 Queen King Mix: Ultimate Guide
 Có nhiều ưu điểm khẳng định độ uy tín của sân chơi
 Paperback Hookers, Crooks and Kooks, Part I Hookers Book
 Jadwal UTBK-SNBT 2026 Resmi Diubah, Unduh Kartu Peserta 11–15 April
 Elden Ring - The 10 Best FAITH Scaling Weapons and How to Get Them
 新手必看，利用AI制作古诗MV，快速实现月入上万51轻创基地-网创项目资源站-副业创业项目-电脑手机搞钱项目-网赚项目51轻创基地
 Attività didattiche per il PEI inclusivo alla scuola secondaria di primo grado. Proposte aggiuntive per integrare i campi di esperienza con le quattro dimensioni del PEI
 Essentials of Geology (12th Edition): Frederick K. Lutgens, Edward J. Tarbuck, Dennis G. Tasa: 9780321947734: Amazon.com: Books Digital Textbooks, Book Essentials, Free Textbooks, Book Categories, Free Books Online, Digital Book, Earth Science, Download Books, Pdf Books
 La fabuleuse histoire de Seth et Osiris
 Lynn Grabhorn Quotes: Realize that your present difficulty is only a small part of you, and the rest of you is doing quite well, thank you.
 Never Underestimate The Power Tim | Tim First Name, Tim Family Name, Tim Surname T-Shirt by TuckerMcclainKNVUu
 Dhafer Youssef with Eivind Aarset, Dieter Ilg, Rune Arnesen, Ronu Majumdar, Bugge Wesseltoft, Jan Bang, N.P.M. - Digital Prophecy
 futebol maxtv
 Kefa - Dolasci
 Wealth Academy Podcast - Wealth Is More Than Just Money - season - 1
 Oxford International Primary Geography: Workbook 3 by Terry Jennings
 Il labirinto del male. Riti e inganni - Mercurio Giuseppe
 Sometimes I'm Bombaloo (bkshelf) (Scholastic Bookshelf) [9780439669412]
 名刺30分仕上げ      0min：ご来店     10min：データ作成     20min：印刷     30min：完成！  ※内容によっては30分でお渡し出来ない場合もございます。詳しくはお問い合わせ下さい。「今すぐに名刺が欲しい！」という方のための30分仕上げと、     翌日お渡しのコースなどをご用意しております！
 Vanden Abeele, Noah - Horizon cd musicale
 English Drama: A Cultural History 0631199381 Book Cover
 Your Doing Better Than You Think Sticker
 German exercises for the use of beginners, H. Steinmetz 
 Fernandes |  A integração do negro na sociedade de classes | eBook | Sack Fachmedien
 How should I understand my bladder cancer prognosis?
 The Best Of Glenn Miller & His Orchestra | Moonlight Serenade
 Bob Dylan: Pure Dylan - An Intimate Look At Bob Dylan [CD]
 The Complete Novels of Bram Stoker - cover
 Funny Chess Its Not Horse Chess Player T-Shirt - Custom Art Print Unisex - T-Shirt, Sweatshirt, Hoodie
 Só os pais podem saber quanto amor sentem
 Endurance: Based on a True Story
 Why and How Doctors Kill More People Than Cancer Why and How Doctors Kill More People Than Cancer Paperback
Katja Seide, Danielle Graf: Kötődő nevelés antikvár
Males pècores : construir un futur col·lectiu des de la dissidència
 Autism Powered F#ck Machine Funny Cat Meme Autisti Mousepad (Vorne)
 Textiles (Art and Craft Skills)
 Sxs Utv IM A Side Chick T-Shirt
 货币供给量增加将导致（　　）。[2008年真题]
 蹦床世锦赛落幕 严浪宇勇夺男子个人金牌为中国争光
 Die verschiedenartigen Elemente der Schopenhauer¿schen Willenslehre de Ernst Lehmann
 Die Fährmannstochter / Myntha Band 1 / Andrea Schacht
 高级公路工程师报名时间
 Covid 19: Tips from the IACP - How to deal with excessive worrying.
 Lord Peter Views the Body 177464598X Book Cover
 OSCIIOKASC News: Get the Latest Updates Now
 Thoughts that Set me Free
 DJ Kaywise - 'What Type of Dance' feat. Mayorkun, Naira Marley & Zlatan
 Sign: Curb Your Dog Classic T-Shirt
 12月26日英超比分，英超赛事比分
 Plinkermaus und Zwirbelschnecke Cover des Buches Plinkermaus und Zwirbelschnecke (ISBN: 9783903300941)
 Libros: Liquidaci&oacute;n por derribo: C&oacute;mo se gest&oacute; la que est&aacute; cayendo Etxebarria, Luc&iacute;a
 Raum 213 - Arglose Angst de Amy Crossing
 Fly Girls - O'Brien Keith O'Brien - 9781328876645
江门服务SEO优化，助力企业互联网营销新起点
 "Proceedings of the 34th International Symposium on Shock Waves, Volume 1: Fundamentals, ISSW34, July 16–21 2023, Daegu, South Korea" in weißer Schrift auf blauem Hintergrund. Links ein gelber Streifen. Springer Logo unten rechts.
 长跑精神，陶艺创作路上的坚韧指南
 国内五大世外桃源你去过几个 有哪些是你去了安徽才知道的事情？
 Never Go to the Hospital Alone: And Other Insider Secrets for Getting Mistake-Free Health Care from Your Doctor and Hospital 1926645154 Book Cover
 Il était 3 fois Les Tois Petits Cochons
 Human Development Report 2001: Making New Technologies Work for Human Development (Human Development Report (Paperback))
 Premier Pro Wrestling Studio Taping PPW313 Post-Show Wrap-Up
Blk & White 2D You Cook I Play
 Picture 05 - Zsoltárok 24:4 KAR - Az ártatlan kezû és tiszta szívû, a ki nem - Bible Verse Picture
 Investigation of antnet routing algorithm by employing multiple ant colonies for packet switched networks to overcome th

» What is being asked
Filter the records down to the lines containing the word "Never", and copy those.

» Response
 Never Underestimate The Power Tim | Tim First Name, Tim Family Name, Tim Surname T-Shirt by TuckerMcclainKNVUu
 Never Go to the Hospital Alone: And Other Insider Secrets for Getting Mistake-Free Health Care from Your Doctor and Hospital 1926645154 Book Cover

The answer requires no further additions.